**Work instructions:** After locating the line that contains "The EBCM receives" in the data below, set down exactly that line and each one after it through the line that contains "Good evening everyone.", and nothing more.

**Given information:**
┄┄┄┄┄┄

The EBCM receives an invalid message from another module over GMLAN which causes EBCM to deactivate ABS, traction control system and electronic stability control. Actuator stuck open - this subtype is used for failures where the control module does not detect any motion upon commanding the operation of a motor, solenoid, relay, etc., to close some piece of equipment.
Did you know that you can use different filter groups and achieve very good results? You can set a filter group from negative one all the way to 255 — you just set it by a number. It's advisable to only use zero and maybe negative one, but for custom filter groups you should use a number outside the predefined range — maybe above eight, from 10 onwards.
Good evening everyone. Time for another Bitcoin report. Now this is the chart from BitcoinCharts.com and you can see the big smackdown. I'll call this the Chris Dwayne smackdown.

┄┄┄┄┄┄

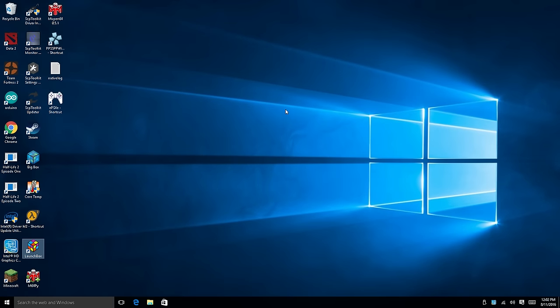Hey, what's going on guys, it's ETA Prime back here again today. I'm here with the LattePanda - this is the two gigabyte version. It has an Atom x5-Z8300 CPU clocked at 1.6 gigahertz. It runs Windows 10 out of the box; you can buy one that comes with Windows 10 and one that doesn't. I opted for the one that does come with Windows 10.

┄┄┄┄┄┄

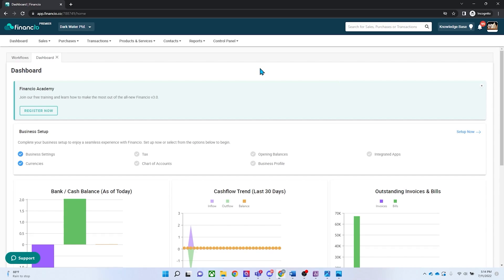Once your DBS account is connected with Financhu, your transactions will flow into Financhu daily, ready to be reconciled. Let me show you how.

┄┄┄┄┄┄

**Problem solution:**
The EBCM receives an invalid message from another module over GMLAN which causes EBCM to deactivate ABS, traction control system and electronic stability control. Actuator stuck open - this subtype is used for failures where the control module does not detect any motion upon commanding the operation of a motor, solenoid, relay, etc., to close some piece of equipment.
Did you know that you can use different filter groups and achieve very good results? You can set a filter group from negative one all the way to 255 — you just set it by a number. It's advisable to only use zero and maybe negative one, but for custom filter groups you should use a number outside the predefined range — maybe above eight, from 10 onwards.
Good evening everyone. Time for another Bitcoin report. Now this is the chart from BitcoinCharts.com and you can see the big smackdown. I'll call this the Chris Dwayne smackdown.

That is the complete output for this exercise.